A Brief History of Drinking Water Reassurances

It’s easier to draw an editorial cartoon when there’s a bad guy. A singular, easily identifiable, no question about it bad guy. And I must confess, this week I was looking for an easy way out. It’s summer! And as much as I love to draw cartoons, that’s an indoor game. I want to be outside — shooting hoops, catching fireflies, puttering about the yard — it doesn’t matter. The last few days in particular have been perfect for not doing actual work.

Alas, this is not a singular bad guy kind of topic. First of all, on the whole, the wide availability of safe drinking water throughout the United States has been a great success, and those responsible should be applauded. Of course for those who have been made sick, poisoned, or killed over the years, that doesn’t provide much solace.

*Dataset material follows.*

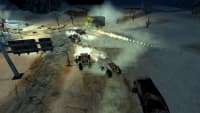 Tangkapan layar 6 Wasteland Angel Steam CD Key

But the second (and bigger) reason is that it’s quite a complicated topic. Conditions that introduced sewage, industrial waste, lead, and PFAS into drinking water over the years weren’t generally the work of pathological villains. It was more likely the result of ignorance or greed, but made worse (much worse) by denial and CYA. So despite my lazy aspirations, the cartoon isn’t about blaming a bad guy — it’s about recognizing the pattern that causes most of the damage.

Anyway, that’s enough analysis. I want to go outside.